How UUIDs work internally

May 12, 2026 · 15 min read

Strings like 550e8400-e29b-41d4-a716-446655440000 are just one skin on 16 bytes. When integrations fail, the bug is almost always byte order or version bits, not "broken UUID math."

The 128-bit layout

RFC 4122 names five logical fields packed into 128 bits:

time_low (32 bits)
time_mid (16 bits)
time_hi_and_version (16 bits) - includes 4-bit version
clock_seq_hi_and_reserved + clock_seq_low (16 bits) - includes variant
node (48 bits)

Random v4 reuses this skeleton but fills most bits with entropy. v7 overwrites the front with a Unix timestamp. The hyphenated string is big-endian hex presentation of those fields in a defined order.

Example: 550e8400-e29b-41d4-a716-446655440000
         |time_low |mid |ver|seq|      node      |
Version nibble ----^ (4 in "41d4" -> 0x4xxx)

Version and variant nibbles

The version sits in the high nibble of time_hi_and_version. Valid values include 1, 3, 4, 5, 6, 7, 8. The variant is encoded in the most significant bits of the clock sequence field; RFC 4122 variant starts with 10. Validators reject strings where these bits are wrong even if hex length is perfect.

Example: a string with version nibble 0 or variant that does not match RFC 4122 is not a valid UUID even if every character is hexadecimal. That is why copy-paste from corrupted logs often fails validation - one nibble flipped during OCR or PDF export breaks structural rules.

How v4 and v7 populate the same skeleton

Version 4 sets the version to 4 and fills the remaining 122 bits with cryptographically strong randomness (implementation quality matters - use OS CSPRNG, not Math.random()).

Version 7 writes a 48-bit Unix timestamp in milliseconds into the most significant bits, then random data for the rest. The result still parses as a UUID string, but the leading hex changes slowly over time, which is why indexes behave more like auto-increment integers than like random v4 keys.

v4: random everywhere (except version/variant)
v7: | timestamp (48b) | random (80b) |  (simplified view)

Endianness: where Microsoft GUIDs diverge

The first three fields (time_low, time_mid, time_hi_and_version) are stored little-endian in some ecosystems (.NET Guid, SQL Server uniqueidentifier on wire). The last two fields remain big-endian. Copying hex dumps between Java and C# without conversion produces "different" UUIDs for the same logical value.

MongoDB Extended JSON uses subtype 04 (standard) or subtype 03 (legacy C#).

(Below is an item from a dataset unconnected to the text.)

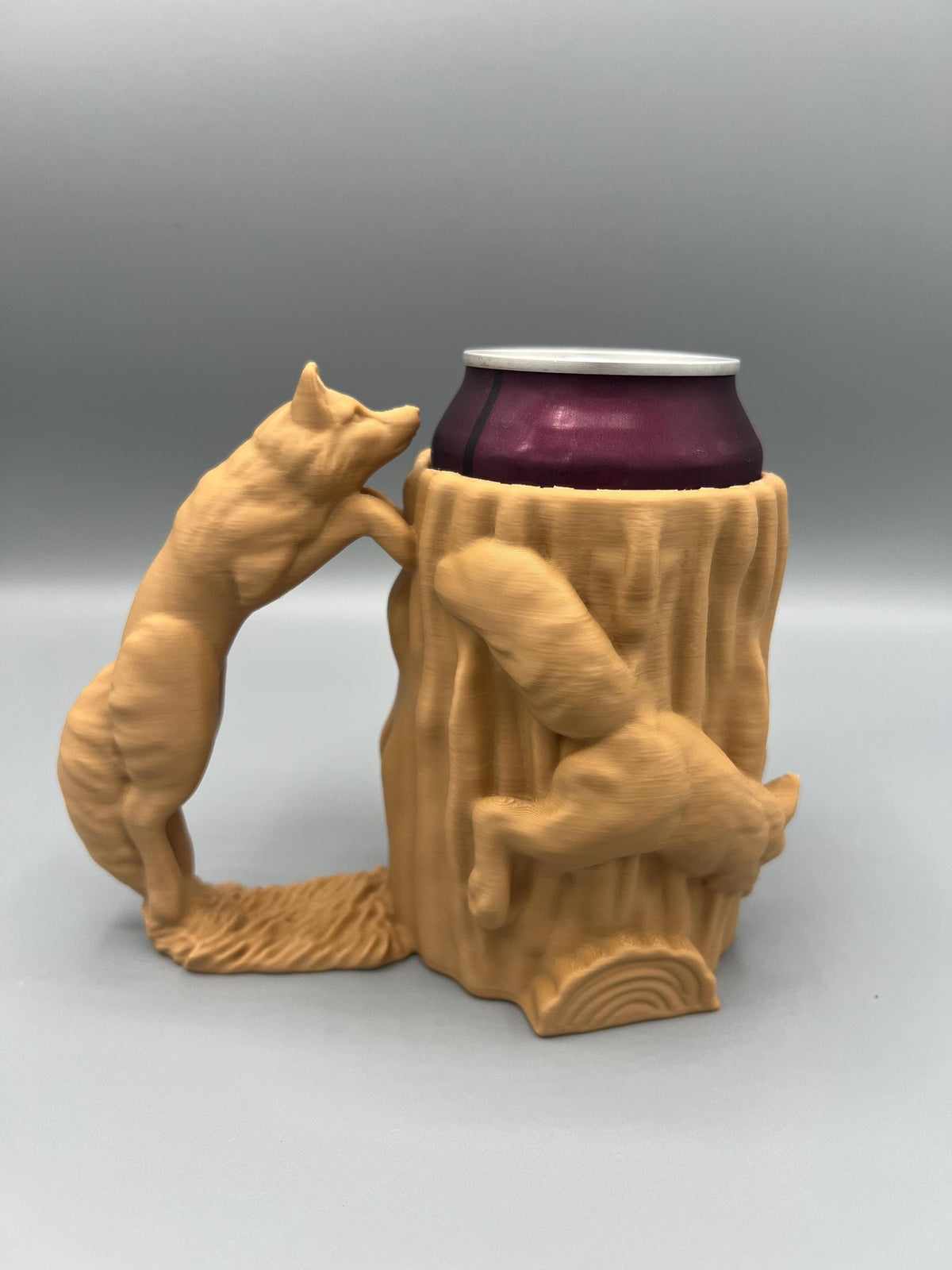 3D Printed Fox Can Holder: Ergonomic Drink Beverage Cooler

Our MongoDB UUID converter exists because this confusion is routine in data migrations.

How databases store UUIDs

CHAR(36) / VARCHAR - human-readable, larger indexes.
BINARY(16) - compact; driver must encode/decode.
Native UUID type (PostgreSQL) - database handles parsing.

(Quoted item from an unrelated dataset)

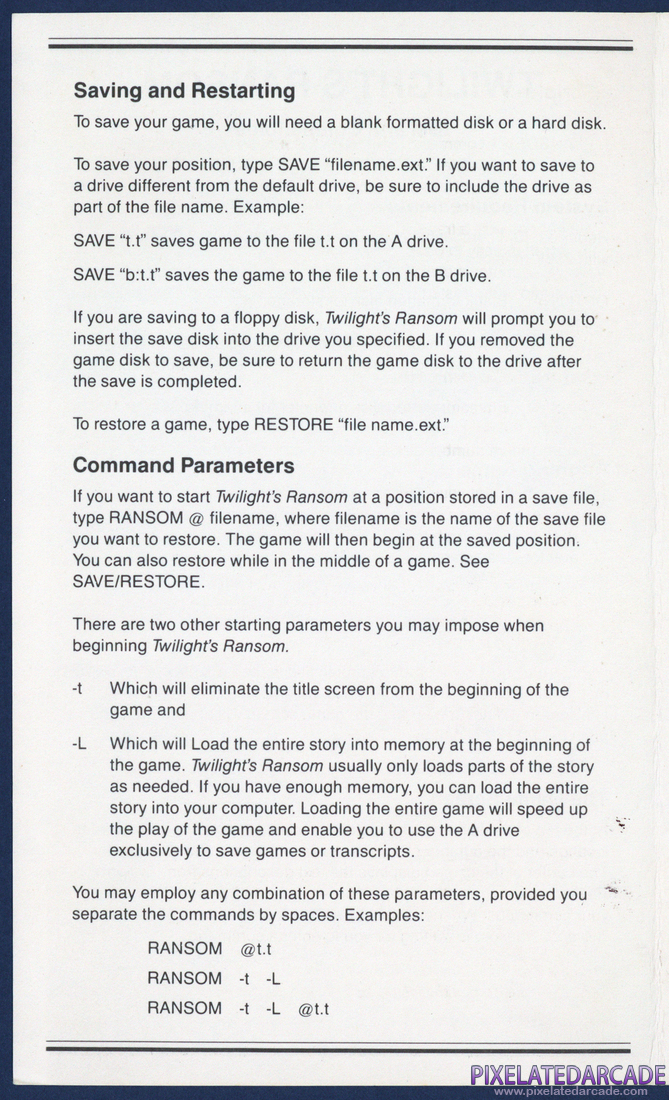 Twilight's Ransom: IBM PC Addendum - Page 2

Random v4 in BINARY(16) still fragments indexes. v7 or ULID improves sequential insert performance because leading bytes change slowly.

-- PostgreSQL: store as native uuid, compare efficiently
SELECT id FROM users WHERE id = '550e8400-e29b-41d4-a716-446655440000'::uuid;

-- MySQL 8+: UUID_TO_BIN / BIN_TO_UUID for byte order control
SELECT UUID_TO_BIN('550e8400-e29b-41d4-a716-446655440000', 1);

When exporting to data warehouses, teams often denormalize UUID to string for Parquet readability. Re-importing those files is where endianness bugs return - always store the canonical string alongside raw bytes if you need lossless round-trip.

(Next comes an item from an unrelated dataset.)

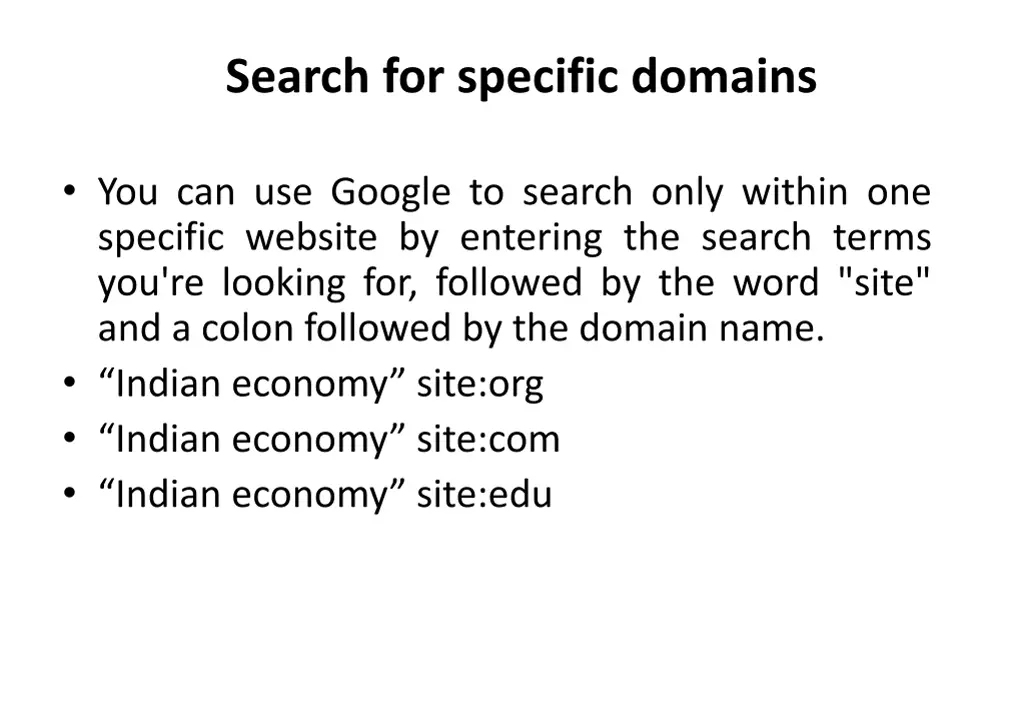 search for specific domains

A practical debugging workflow

Normalize to lowercase canonical string.
Confirm version nibble matches generator you think you used.
Dump 16-byte hex from DB and compare to converter output.
If mismatch only in first 8 bytes, suspect endianness.
Log both string and binary during one request to catch driver bugs early.

FAQ

Why does my UUID start with ff?: Check if you are viewing binary as hex without proper field boundaries, or if data is not a UUID at all.
Are UUIDs always 36 characters?: Canonical hyphenated form yes. Compact 32-hex and URN forms are common alternatives.
Can two different strings be the same UUID?: Yes if casing differs or leading zeros are omitted in non-canonical parsers. Always use a strict validator.
What is the UUID epoch?: v1 timestamps count 100-ns intervals since 1582-10-15 UTC. v7 uses Unix ms. Do not mix semantics when parsing.
How many bytes is a UUID on the wire?: Always 16 bytes. String form is a presentation layer.